As an example, let’s imagine that the on-line store on one of our web servers suddenly experiences an internal problem, which causes its performance to tank with no outward sign of distress (i.e., no log entries, etc).  Traditional methods of detection and notification will not work for us here.

Moreover, time is of the essence.  In our various field deployments, I have noticed that having 5000 users on your site every hour – on average – is quite common.  In fact, some sites have been known to average about 100k users every hour.  So if it takes you an hour to even notice that you have a problem, you have already upset quite a few users.  You need to be able to react quickly.

Challenge #1

How do we detect the problem?  We need to monitor the end user’s experience and it needs to happen in real-time.  This challenge has become less of a problem as various End User Experience Management (EUEM) tools have emerged to address this, some more successfully than others and each with its own unique feature set.  However, this is not the immediate focus of this article.  So, let’s assume that we already have such a tool in place.

Challenge #2

How quickly can we be notified that the user’s experience has gone south?  That depends upon the immediacy of the data and that depends largely on the tool that’s been chosen.

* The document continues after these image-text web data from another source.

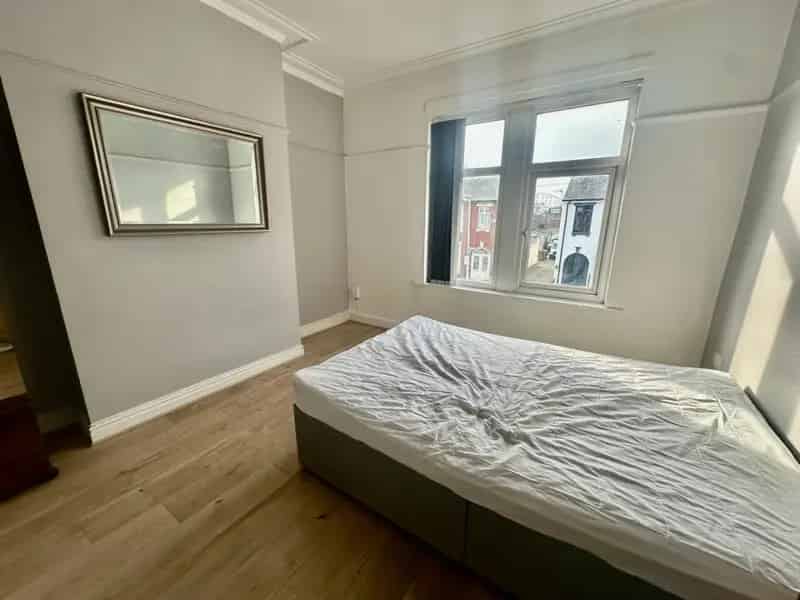 1 Bedroom Flat for Sale - Garden, Parking, No Chain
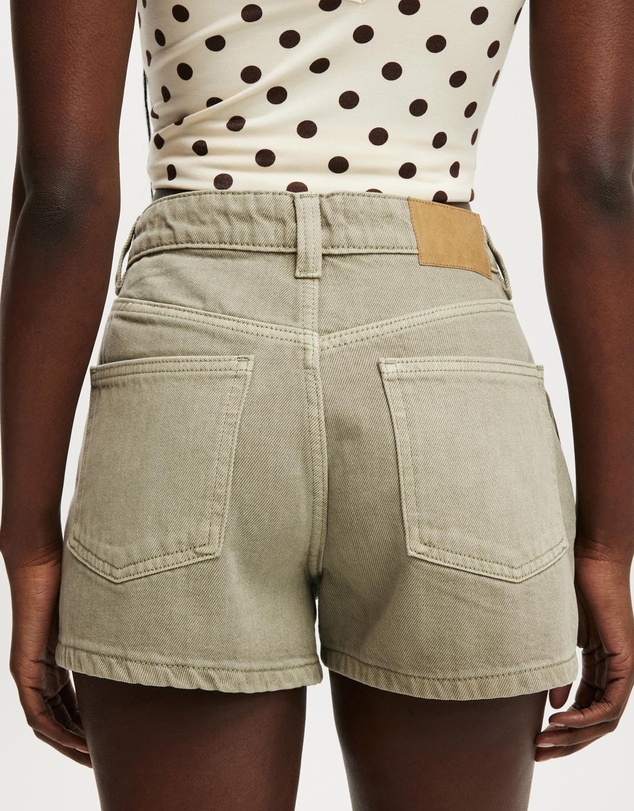 Cotton On - Original Cut Off Denim Shorts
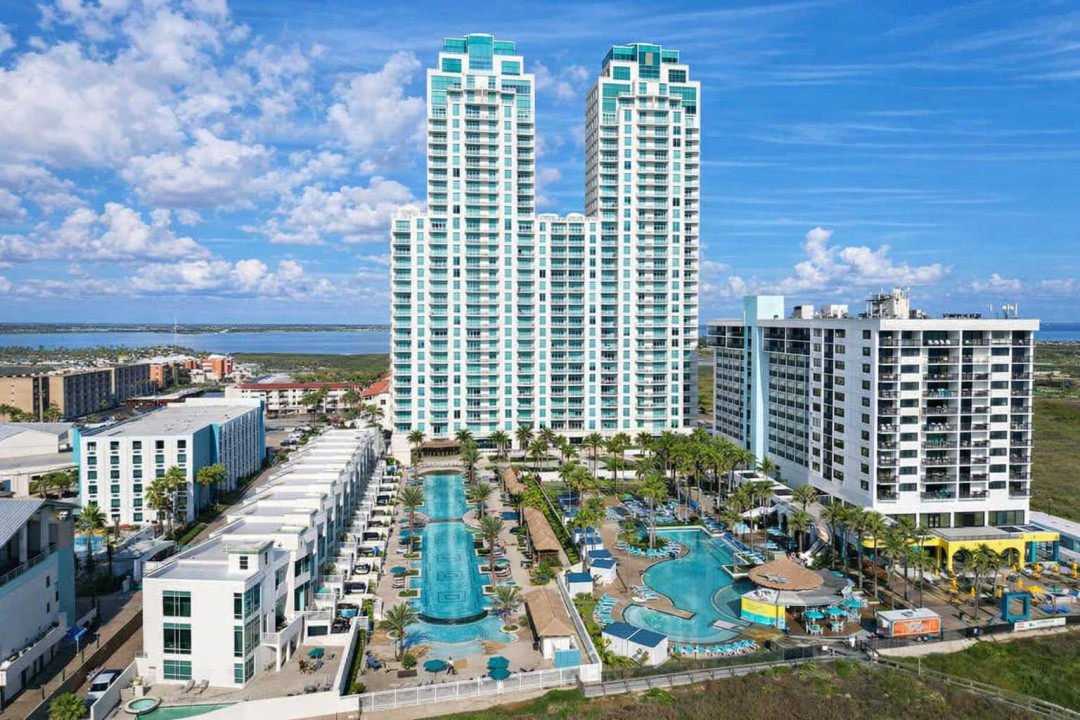 Luxury Beachfront Resort | Twin Towers + Lagoon Pools + Coastal Views + Walk to Dining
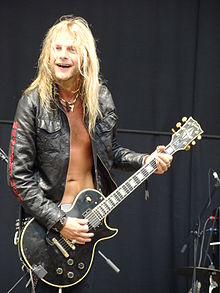 Faulkner performing in 2009 Richie Faulkner.jpg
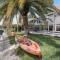 A Splash of Paradise I Waterfront 3 Bed Home on Marco Island - Марко-Айленд
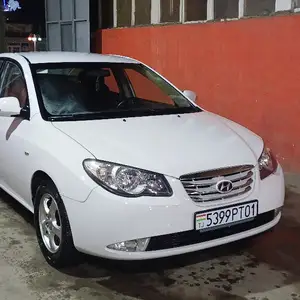 Hyundai Avante, 2010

When an application starts to collapse, there are typically two major symptoms:

  • A drop in performance
  • A drop in volume as users abandon the application

If we typically receive 5000 users per hour in our on-line store, we can assume that 80 or more users are negatively impacted every minute.  Moreover, so far we’re only talking about being notified.  Once that happens, we will still have to analyze and deal with the problem.  All the while, the problem on the site is spreading to more and more users.

Assuming that the problem may only be noticeable as a trend, waiting for several minutes for enough data to be gathered to predict the trend might be necessary.  However, the lag time should be kept to that order of magnitude.  Waiting for an hour or more to be notified should be completely unacceptable.

Moreover, if the problem can be detected from a single hit on the site – e.g., the application is throwing back pages with error codes embedded in them – then the notification should be almost immediate.  The lag time from seeing a hit on the wire to the time that an alert can be sent about that hit should be within a few minutes, at most.

Challenge #3

Immediacy of data is also a concern when a fix is being rolled out and we need to validate that the problem has truly been addressed.  Rolling out a fix and waiting for an hour to gather the results is unacceptable in this day and age.  The only organization that should be willing to accept such a lag time is NASA (and at least they have a good reason for it).  If potential fixes cannot be validated within minutes, then users are being treated like piñatas.  Generally speaking, users don’t appreciate that.

You own that data.  You deserve to have access to it as fast as possible.  Your users will thank you.